# Info on Mirdiff & Jumeira Area



## Shaye72 (Aug 18, 2008)

Hello all..
My husband and I are planning to move to Dubai within the next 2 months. Hopefully all attestatation and visas go thru smoothly .. ...right : ) . If I have learned anything from this process its patience. My husband will be working as a Qa/Qc Manager for Mirdiff City Centre. My question, accommodation near or around his job. I would like to be around other expats if possible. Its going to be hard for the both of us being away from family.Plus leaving behind our 17 yr old daughter to finish high school. I am also aware of the terrible driving conditions on Emirites Rd.(I just came back from a visit to Dubai) So I would rather aviod that road for the rest of my life if I could : ).But, I am realist. Our accommodation allowance is 159,000. Jumeira area looks soo nice.. How far of a drive would that be to his work site? I'm not going to be working, so I would like to live were there are things to do. I hear its pretty lonley out there in Mirdiff..


----------



## sgilli3 (Mar 23, 2008)

Shaye72 said:


> Hello all..
> My husband and I are planning to move to Dubai within the next 2 months. Hopefully all attestatation and visas go thru smoothly .. ...right : ) . If I have learned anything from this process its patience. My husband will be working as a Qa/Qc Manager for Mirdiff City Centre. My question, accommodation near or around his job. I would like to be around other expats if possible. Its going to be hard for the both of us being away from family.Plus leaving behind our 17 yr old daughter to finish high school. I am also aware of the terrible driving conditions on Emirites Rd.(I just came back from a visit to Dubai) So I would rather aviod that road for the rest of my life if I could : ).But, I am realist.
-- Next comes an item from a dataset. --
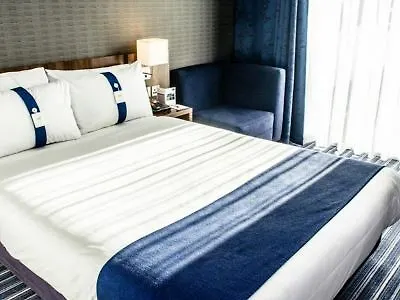 Hotel Express Centre By Ihg 3*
Our accommodation allowance is 159,000. Jumeira area looks soo nice.. How far of a drive would that be to his work site? I'm not going to be working, so I would like to live were there are things to do. I hear its pretty lonley out there in Mirdiff..
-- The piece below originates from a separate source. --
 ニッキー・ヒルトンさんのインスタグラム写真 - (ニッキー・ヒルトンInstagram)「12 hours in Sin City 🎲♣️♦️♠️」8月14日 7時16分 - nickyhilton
Hi and welcome to the forum.
If he is working in Mirdiff, then I would live in Mirdiff.
Mirdiff is not a small quiet area..there are shopping centres, schools, nurseries, businesses etc.
There are also coffee mornings and book club get togethers in Mirdiff.
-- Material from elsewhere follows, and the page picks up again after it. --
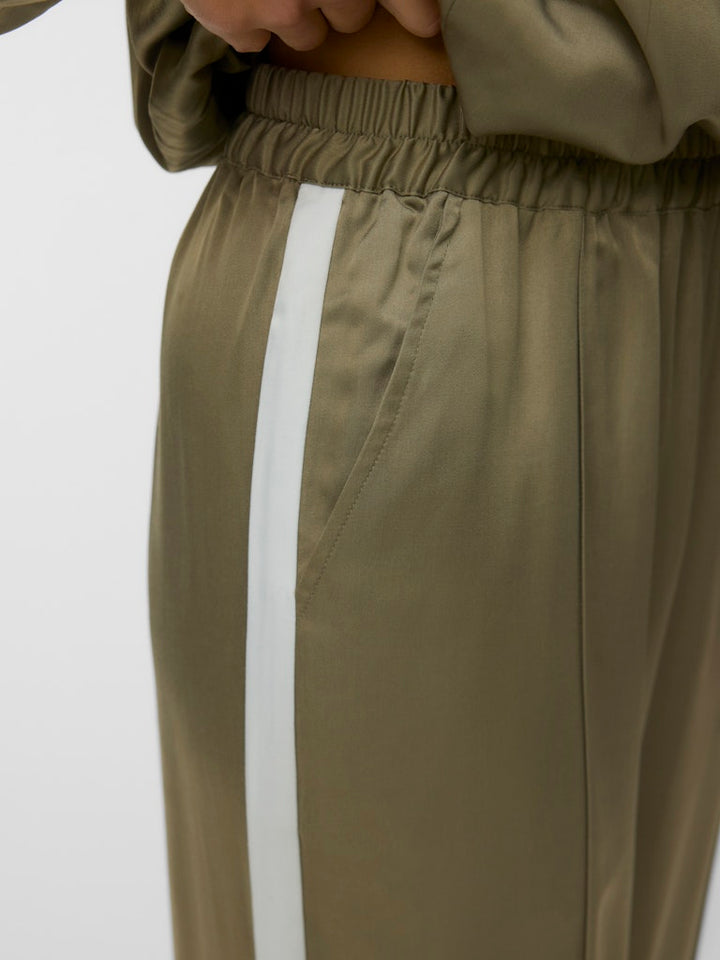 Vmvina Detail Hw Straight Pants Wvn Ga - Groen Dessin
It is one of the only affordable (?) areas left in Dubai, as it is under the flight path.

No way ever, would I travel from Jumeirah to Mirdiff each day !

There is plenty of apartments/villas in Mirdiff.
In Mirdiff you are close to places like Festival City, which also has apartments, and shopping centre.
Hope this helps a little.

There are expats EVERYWHERE, so you wont be alone. (approx 80 % of population are expats)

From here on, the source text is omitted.